DNR Hydrology Resources Coordinator, Tim Hall, keeps an eye on the midwest drought monitor, which put out a new report today. “Things are creeping a little bit drier and a little bit worse on the drought monitor,” Hall says. “Not a whole lot of change — but the change that was is on the drier side. So, it’s not getting any better yet.”
The water situation is dramatically different from the top of the state where lawns are green and growing — to the bottom of the state — where the grass is brown and crunchy. “It’s a very, very sharp diving line that almost runs right along I-80 between areas that are way below normal for the first two weeks of August, and areas that are way above normal,” Hall says. “So, it’s really a north-south wet-dry pattern that we’ve been in for quite awhile here.”
The drought map shows extreme to moderate drought conditions in south-central and southeast Iowa. Hall says there haven’t been many changes in that area of the state. “Those folks down there in southeast Iowa have been dealing with below normal precipitation for probably two years now,” according to Hall. “You go back 12 months and there are areas down there that are 15 or more inches below normal for the last 12 months. So, it’s an ongoing issue for them.” Hall says the positive side of the drought in that area is their drinking water supplies haven’t suffered.

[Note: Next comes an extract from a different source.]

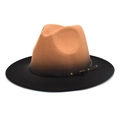 Detail of gradient camel and black wool felt fedora featuring a studded leather belt - M(56-58cm) / Camel + Black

“Fortunately in many places in southern Iowa individuals get their drinking water through rural water systems which pull out of some of the lakes. So, we haven’t seen a lot of drinking water shortages across that part of the state,” Hall says. “So, on a drinking water side it’s okay. On an agricultural side — clearly those folks could use a lot of rain.” Hall says we are unfortunately getting into the time of the crop development where it may be too late for rain to help in that area. He says the drinking water situation would be a lot different if the northern part of the state was dry.
“The part of the state that’s the most vulnerable to shallow groundwater issues is the northwest part of the state, and fortunately they’ve had pretty healthy rainfall this year,” Hall explains. “Had the corners of the state been flip-flopped — instead of dryness in southeast Iowa, if it had been dryness in northwest Iowa — I think the situation would be much more critical than it is now.”
Hall says that’s no consolation to the farmers in the southern part of the state who need rain. He says they will continue to watch the water situation, as precipitation always drops off as we head into the fall months, and that could make things worse.